Dix scénarios d’indemnisation des travailleurs indépendants

Sans trancher, la mission identifie dix scénarios d’indemnisation des travailleurs non salariés. On peut, pour simplifier, retenir trois grandes familles :

  • Le maintien du caractère volontaire de l’assurance chômage pour les travailleurs indépendants. Si cette logique de couverture facultative est plus acceptable socialement, elle a de grandes chances de faire émerger un système dans lequel seuls les indépendants au risque élevé adhéreraient, rendant l’assurance soit très chère, soit faiblement dotée. C'est d'ailleurs le cas de la GSC aujourd'hui.
  • La création pure et simple d’un régime obligatoire d’assurance chômage, au sein duquel l’indemnisation serait essentiellement forfaitaire. Cette logique de filet de sécurité aurait pour objectif d'éviter aux travailleurs indépendants privés d’emploi de tomber dans la pauvreté. Cela reposerait sur un principe de solidarité nationale, avec un financement potentiellement mixte par l’impôt et/ou par la cotisation.
  • La mise en place d'un dispositif obligatoire, mais avec une indemnisation calculée en fonction des revenus antérieurs des assurés et, le cas échéant, des cotisations acquittées. Cette option répond à l’objectif d’assurer un revenu de remplacement, permettant de maintenir partiellement le niveau de vie. Cela relèverait d’un système assurantiel contributif piloté paritairement avec une représentation spécifique des non-salariés. Reste que cette représentation des travailleurs n’est pas aujourd’hui fixée.

Tester avant d'élargir

On le voit, les critères sont nombreux et complexes :

  • large population potentiellement couverte
  • risques élevés d’aléa moral et d'effets d'aubaine
  • méconnaissance des comportements de cette population à assurer
  • difficulté à appréhender le fait générateur.

Il faudrait donc faire évoluer le dispositif au cours du temps. Une démarche pourrait être de retenir dans un premier temps certains paramètres d’éligibilité, des faits générateurs et d’indemnisations restrictifs, puis d'ouvrir ces critères de façon progressive...

Les pistes ministérielles

Le gouvernement envisagerait sérieusement l'une des pistes évoquées dans ce rapport, à savoir une allocation forfaitaire perçue sur une période de six mois à un an, de 700 à 800 euros mensuels, soit à peine plus que le RSA, qui s'élève à 545,45 euros pour une personne seule.

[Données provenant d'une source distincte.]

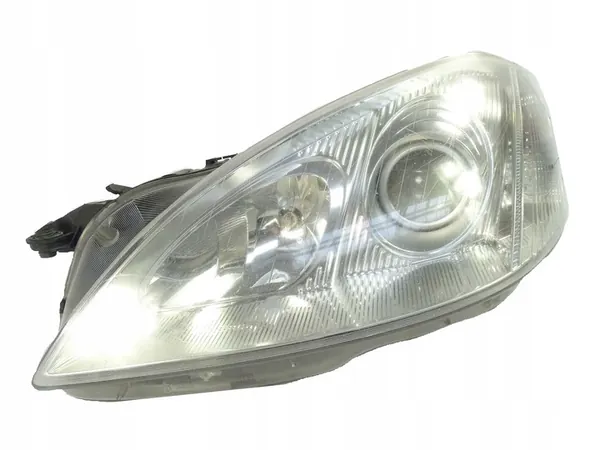 Linker Koplamp Mercedes S Klasse W221 EU image 5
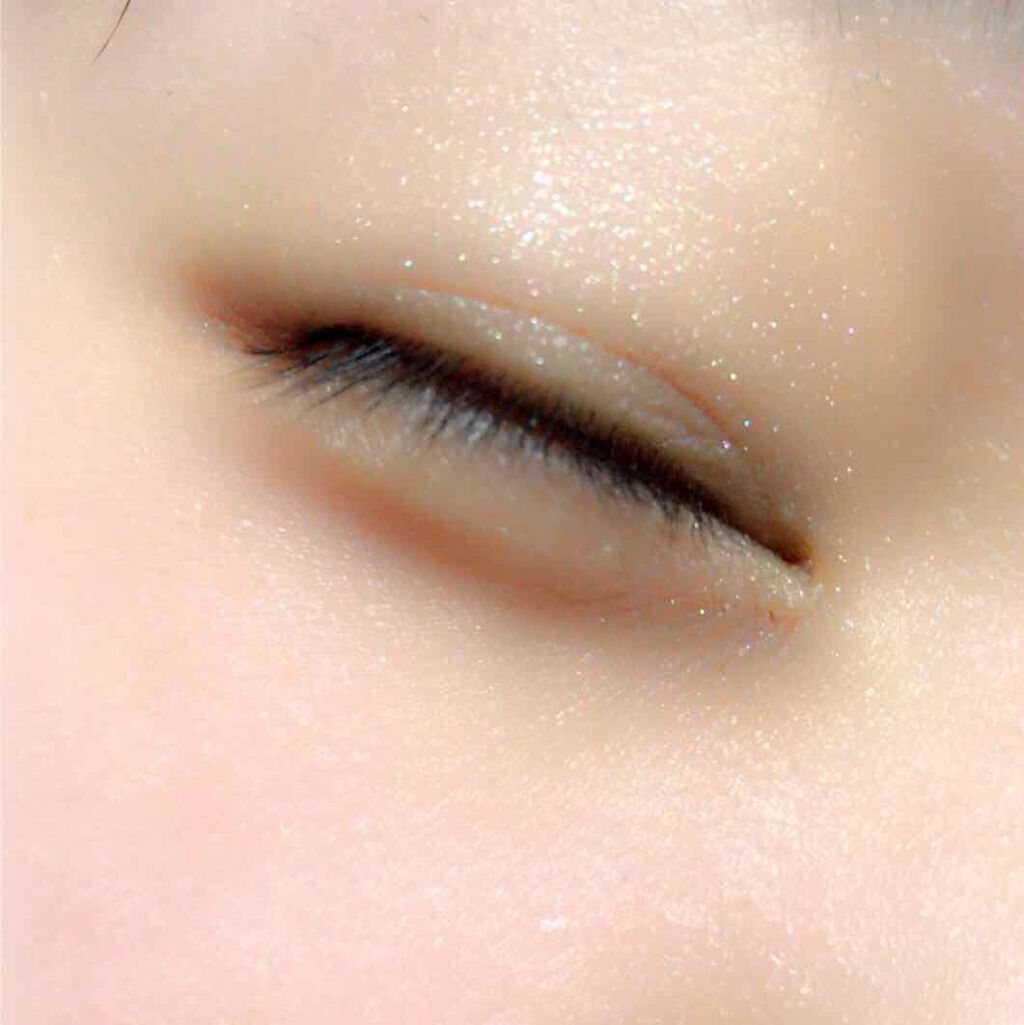 Candle Night Collection(PARTY COFFRET 2017)/LUNASOL/メイクアップキットを使ったクチコミ(4枚目)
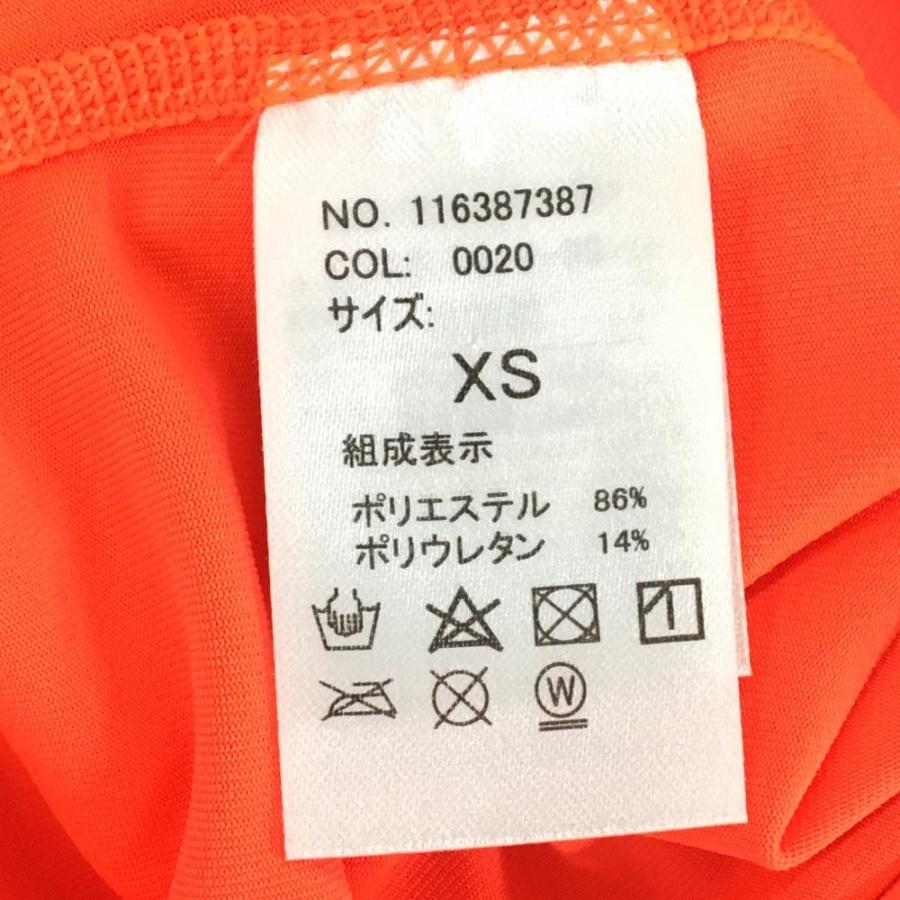 muta MARINE（ムータマリン） 【新品】ムータマリン Tシャツ オレンジ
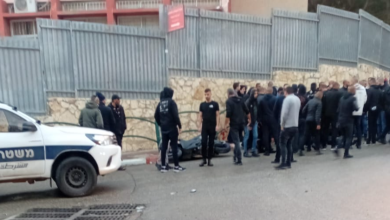 Photo of مقتل شخصين وإصابة آخرين في جريمة دهس وإطلاق نار بأم الفحم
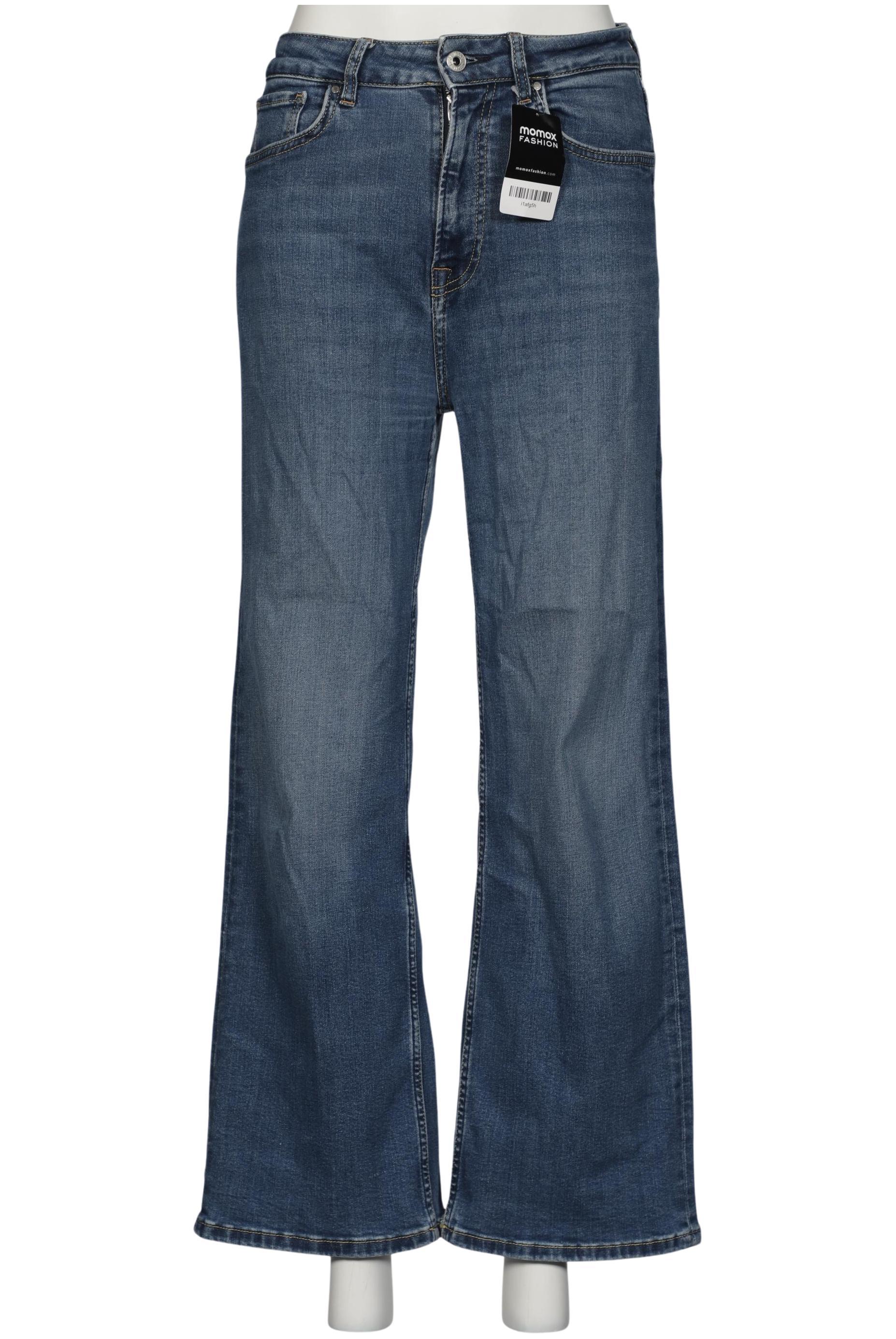

Pepe Jeans Damen Jeans, blau, Gr. 30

L'ouverture des droits se ferait à la condition que le dirigeant ait mené son activité pendant au moins un ou deux ans, et que l'entreprise ait fait l'objet d'une liquidation judiciaire. 

Les auto-entrepreneurs exerçant leur activité à titre accessoire ne seraient pas concernés. C'est assez logique, leur statut de salarié ou de retraité leur permettant de bénéficier d'une couverture. Les auto-entrepreneurs "à titre principal", pourraient donc, de leur côté, bénéficier du dispositif, à condition ne pas avoir seulement "cessé leur activité" et clos leur structure, mais d'être passés par une liquidation judiciaire. Or, aujourd'hui, les micro-entrepreneurs ne représentent que 1% des liquidations !

Le gouvernement pourrait choisir une autre piste en se rangeant derrière l'avis du Cese, selon lequel il faut limiter le droit au chômage aux plus précarisés, et notamment les travailleurs des plateformes.